Article 34 (1)When the personal data breach is likely to result in a high risk to the rights and freedoms of natural persons, the controller shall communicate the personal data breach to the data subject without undue delay.
Where an application developing organization is not in a role of a controller, the developing organization is still at risk of significant public and client reputational damages, especially where weak application security has caused large-scale or severe personal data breaches.

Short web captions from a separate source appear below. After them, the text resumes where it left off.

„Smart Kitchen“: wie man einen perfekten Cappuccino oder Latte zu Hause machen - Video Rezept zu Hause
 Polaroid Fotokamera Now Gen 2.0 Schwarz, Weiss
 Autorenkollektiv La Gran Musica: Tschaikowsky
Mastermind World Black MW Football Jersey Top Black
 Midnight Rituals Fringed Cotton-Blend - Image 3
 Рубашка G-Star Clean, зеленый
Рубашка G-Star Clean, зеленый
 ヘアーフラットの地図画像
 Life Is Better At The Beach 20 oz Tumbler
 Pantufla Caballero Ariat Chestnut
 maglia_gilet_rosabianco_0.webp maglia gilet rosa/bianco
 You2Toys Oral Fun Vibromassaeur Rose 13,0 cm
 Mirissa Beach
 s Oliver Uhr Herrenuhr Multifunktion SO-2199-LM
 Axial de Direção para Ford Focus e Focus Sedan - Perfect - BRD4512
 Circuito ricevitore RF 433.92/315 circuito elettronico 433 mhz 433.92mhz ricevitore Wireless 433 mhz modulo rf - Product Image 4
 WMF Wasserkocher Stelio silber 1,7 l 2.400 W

There are a number of different technical solutions that can significantly mitigate an application’s privacy risk and ease an organization’s GDPR compliance. Each privacy risk mitigating solution has security weaknesses and trade-offs that need to be fully understood and considered during the design of the application. For instance, data anonymization and pseudonymization has the risk of being reverse engineered, while data encryption has the overhead of requiring robust key management processes. Once determined in design, application privacy mitigation measures must be scrutinized to ensure the application is developed to provide a standard of data protection and a level of privacy risk, which is considered to be appropriate by GDPR supervisory authorities.
The GDPR does not stipulate a descriptive set of IT and application security requirements, instead the regulation requires ‘an appropriate level of information security’ to be adopted. Given the substantial risk of weak application security leading to high impact compromises of personal information, including mass data breaches, developing and testing applications to proven application security practices should be considered as a benchmark towards achieving a GDPR ‘compliant’ application. Developing applications that adhere to the principles of the OWASP Top Ten, and testing applications for security vulnerabilities using IBM Security AppScan, are essential SDLC practices to reduce GDPR non-compliance organizational risk, and more importantly, protect the privacy of the application’s users.